Exercise prompt:
The lines below, from the one holding "263 Бутони памет" through the one holding "Μαρτυρικό καρφίτσα με", are to be restated word for word, with all images left out.

Exercise data Start Marker

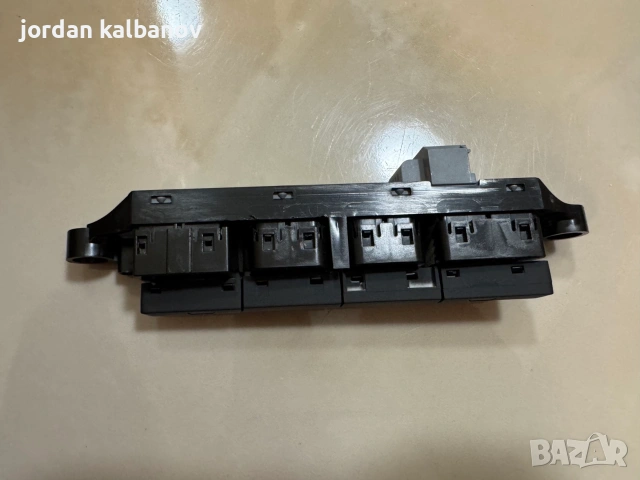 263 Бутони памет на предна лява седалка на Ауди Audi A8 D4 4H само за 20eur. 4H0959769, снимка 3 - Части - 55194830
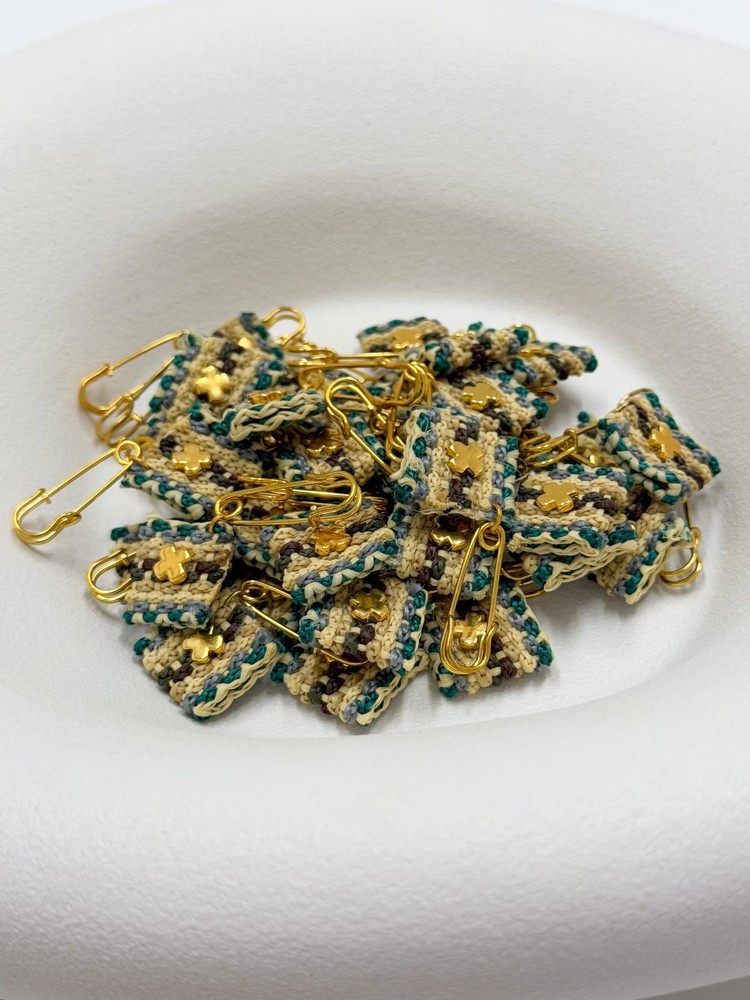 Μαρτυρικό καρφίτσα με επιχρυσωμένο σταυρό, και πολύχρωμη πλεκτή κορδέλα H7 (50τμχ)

Exercise data End Marker
Exercise data Start Marker

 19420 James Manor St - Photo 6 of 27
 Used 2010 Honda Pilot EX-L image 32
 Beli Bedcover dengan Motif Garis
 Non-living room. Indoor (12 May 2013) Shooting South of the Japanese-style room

Exercise data End Marker
Exercise data Start Marker

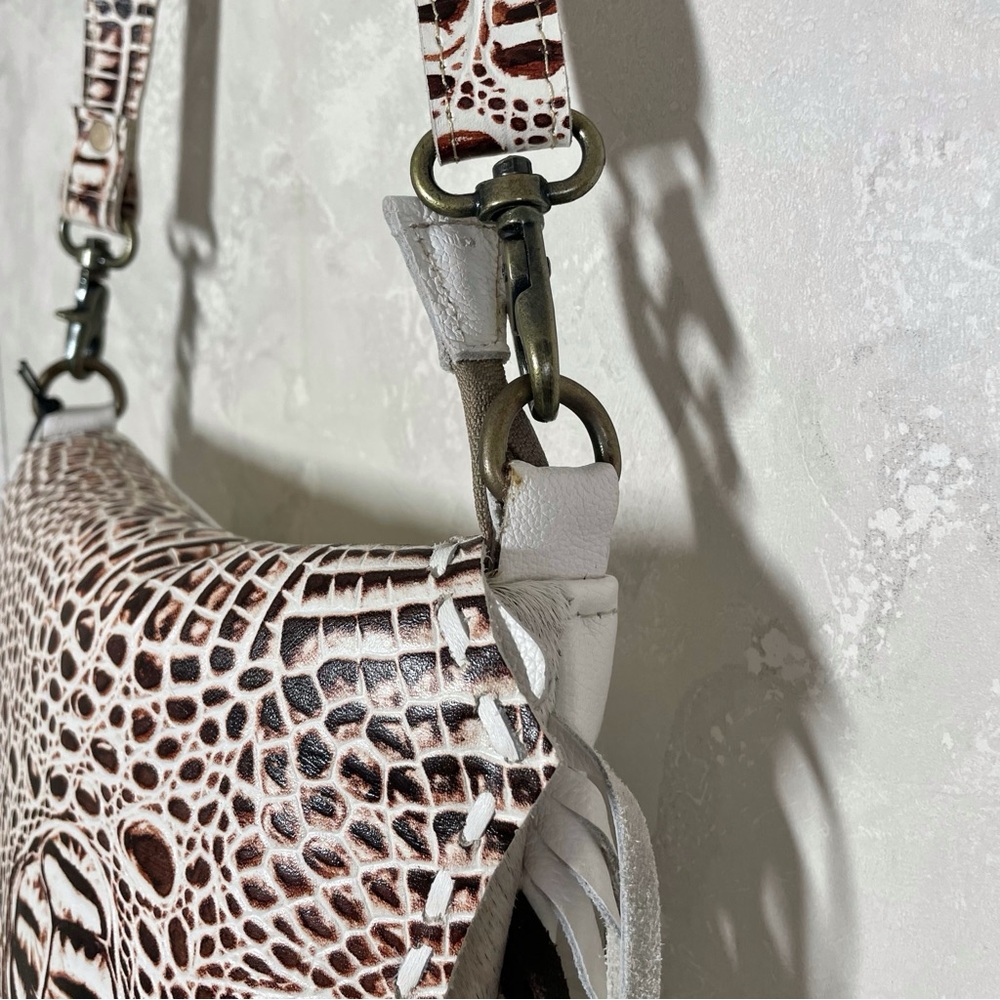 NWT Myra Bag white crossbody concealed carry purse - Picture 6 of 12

Exercise data End Marker

Solution:
 263 Бутони памет на предна лява седалка на Ауди Audi A8 D4 4H само за 20eur. 4H0959769, снимка 3 - Части - 55194830
 Μαρτυρικό καρφίτσα με επιχρυσωμένο σταυρό, και πολύχρωμη πλεκτή κορδέλα H7 (50τμχ)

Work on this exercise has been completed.